Volcano Watch — Are earthquakes on the rise?

Release Date:

A heightened awareness of earthquakes usually follows large and destructive ones, like those occurring in Turkey and El Salvador in 1999 and 2001, respectively. Combined, these earthquakes killed more than 37,000 people.

Small earthquakes that would normally never make their way into the news suddenly receive national attention. This often leads to the question, "Are we having more earthquakes these days?"

On a global scale, the U.S. Geological Survey's National Earthquake Information Center (NEIC) located over 23,000 earthquakes last year, their highest annual total ever. Prior to 1993, the NEIC never catalogued more than 20,000 earthquakes in one year.

Further study of the annual statistics shows that the apparent rise in earthquakes worldwide disappears above the magnitude 5 level. Since 1900, the average number of major and great earthquakes (those with magnitudes 7 or greater) was approximately 19 per year worldwide. In 2001, only 15 such earthquakes were catalogued by the NEIC. Thus, we attribute the rising earthquake totals to an increase in the number of smaller earthquakes that we are able to study because seismological tools have rapidly increased and improved over time.

A major factor allowing us to study more small earthquakes has been a more than ten fold increase in the number of seismographic stations reporting data to the NEIC, from 350 to over 4,000 in the last 70 years. Computerization and automation have further aided NEIC's earthquake cataloging capabilities, allowing for larger volumes of data to be processed faster and with less human intervention.
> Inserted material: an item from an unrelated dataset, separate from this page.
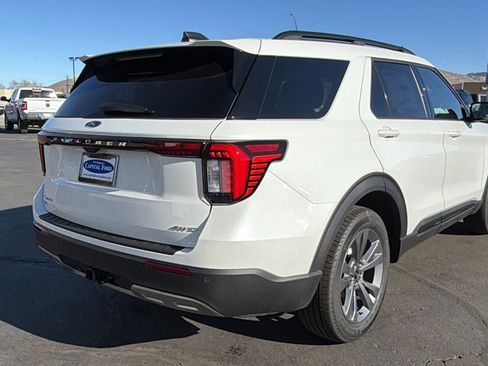 New 2026 Ford Explorer Active w/ Active Comfort Package image 3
At the Hawaiian Volcano Observatory (HVO), our modern earthquake catalog extends back to 1960. From the end of 1960 to 2000, the seismographic network grew from 11 to 50 sites. By the late 1960s, radio telemetry had begun to replace direct cable connections, which facilitated new site installations and broader network coverage. Monitoring earthquakes associated with frequent eruptions also motivated significant expansion of our seismic network.

As at NEIC, HVO's evolving seismic recording and analysis tools, and the growth of our network, have allowed us to catalog greater numbers of small earthquakes. We have complemented the familiar rotating drum recorders with our third generation of computer-based data acquisition and processing systems. In the 1960s, earthquakes below magnitude 1.5 comprised only 2 percent of the catalog. Today, about 30 percent of all earthquakes we locate are below magnitude 1.5.

For geologic reasons, the number of earthquakes in Hawai`i have fluctuated widely. Earthquake swarms related to underground magma movement might occur. Large numbers of aftershocks following large earthquakes, like the November 1975 M7.2 Kalapana event, inflate catalog totals for many months afterward. To this point, the 1970s was the decade with the largest number of earthquakes, averaging 4,100 per year.

Through the 1990s, our numbers suggest that activity has declined. We averaged 3,300 earthquakes per year in the 1980s and 2,300 per year in the 1990s. Since 1989, we have had no large earthquakes above magnitude 6. Possibly, as a result of the extended and continuing Pu`u `O`o eruption, we have also seen fewer earthquake swarms.

With improved technology, we can locate, with greater precision, more of the smaller earthquakes occurring beneath Hawai`i. While we are enjoying a relatively quiet period of late, without large or damaging earthquakes, we hope to utilize the data from small earthquakes to further our understanding of the island's volcanoes and faults.

Volcano Activity Update

Eruptive activity of Kilauea Volcano continued unabated at the Pu`u `O`o vent during the past week and occasionally lit the night sky. Bright glow persists over the "rootless" shield area, where short flows emanate from overflows of the perched ponds and from the base of the shields. Flows on Pulama pali are mainly crusted over. Surface flows appear on the fan at the base of the pali and extend onto the coastal flats. The distal end of the flows is nearly three kilometers (1.8 miles) from the seashore.

There were no earthquakes reported felt during the week ending on March 14.